While the FX9590 was correctly listed, the default clock ratio was set at 20x, giving a clock speed of 4ghz. We did notice the FX9590 would turbo sometimes to 5ghz when a few cores were loaded, but it wasn't ideal. We simply increased the Clock Ratio to 23.5 to get 4.7ghz. The system was stable … well almost.
We changed the VCore Loadline calibration from auto to ‘high'. Stability was attained at 4.7ghz with both the Corsair H100i set to ‘performance' mode, and the BeQuiet! Dark Rock Pro 2 on automatic. The BeQuiet! cooler was noticeably less noisy under load. Temperatures at idle were 34 and under load around 52c.
Now that the system was stable, we loaded the Corsair Vengeance 2,400mhz XMP profile. The board would only accept a 2,133mhz frequency, but still not bad.
As AMD claim this is the first 5GHZ processor we were a little disappointed to see that the FX9590 wouldn't turbo to 5ghz under any heavy load situation, only in single or dual core tasks.
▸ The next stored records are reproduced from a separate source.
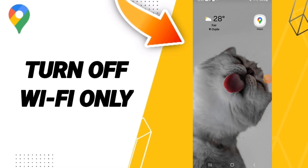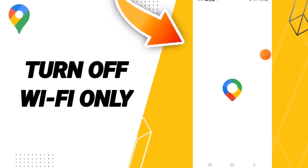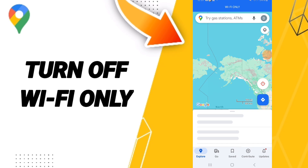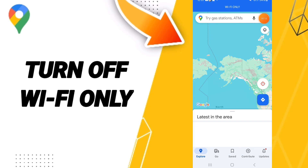Hello everyone. Today we'll talk about how to turn off Wi-Fi only on the Google Maps application. You will go to Google Maps, as you see here on this page, and go to this sign at the top and click on it.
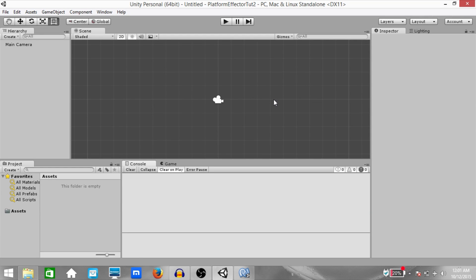What's up YouTube, this is Demkis back again with another Unity tutorial. This is going to be a tutorial on the Platform Effector 2D. Effectors have been newly introduced in Unity 5, so if you don't have Unity 5, I suggest you download and install Unity 5 and then come and watch the video.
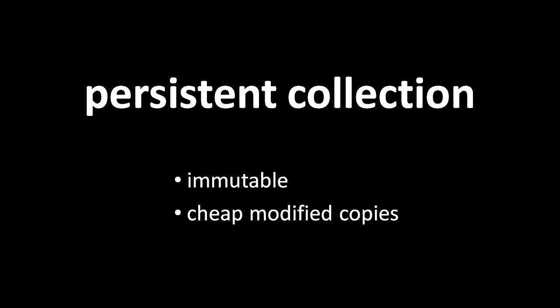As you might imagine, the implementation of such a persistent data structure is a good bit trickier than just a normal regular linked list implementation, so I won't go into the details. Suffice it to say, Clojure has it.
We went back into the BIOS for some more tweaking.
We increased the CPU Clock Ratio to x25 to get a final figure of 5.0ghz. Stability wasn't achieved until we pushed the CPU VCore to a +0.050V setting.
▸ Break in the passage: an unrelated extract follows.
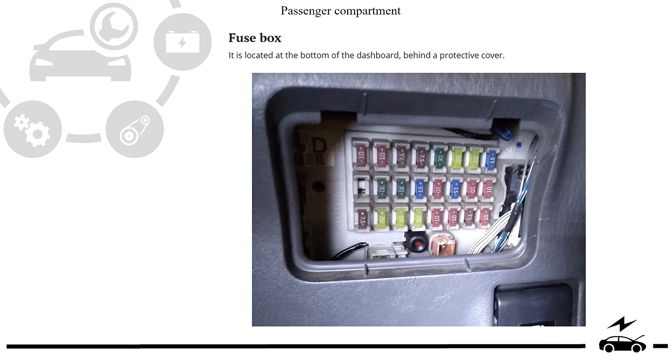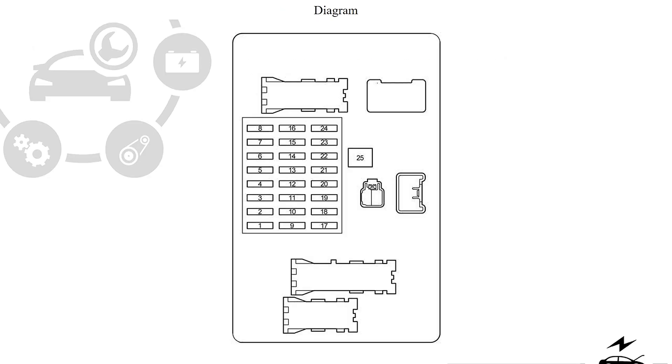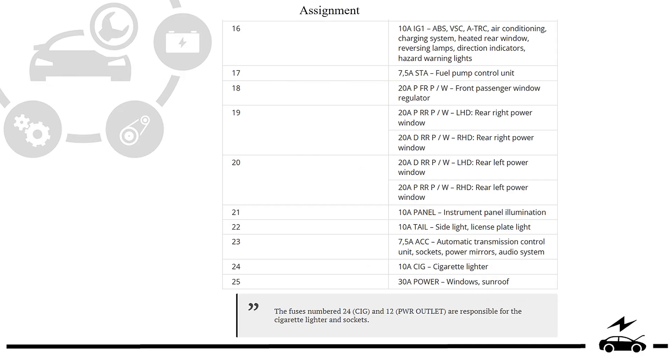Passenger compartment fuse box: location, photo, diagram, assignment.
The system was prime stable at these settings and the core voltage showed 1.476V in the BIOS and around 1.49V in CPUz. The validation below shows 1.58 volts as we were pushing it harder to try further overclocking above 5ghz (unsuccessfully), but it was stable at 5ghz with 1.488v as shown in the CPUz screenshot below.
You can get online verification of these speeds over here.
With both Corsair H100i and BeQuiet! Dark Rock Pro 2 coolers the FX9590 would idle around 36c-39c and rise to around 60c under load (room ambient temperature 22c). Any higher voltage for clock speeds above 5ghz would have dramatically negative effects for the load temperatures and stability, surpassing either cooling solution. We are sure there is more headroom from the processor, but it will need some seriously hardcore cooling to get above 5ghz. We also found that the FX9590 would throttle with a lesser cooler also, even at 4.7ghz, so attention needs to be paid to this.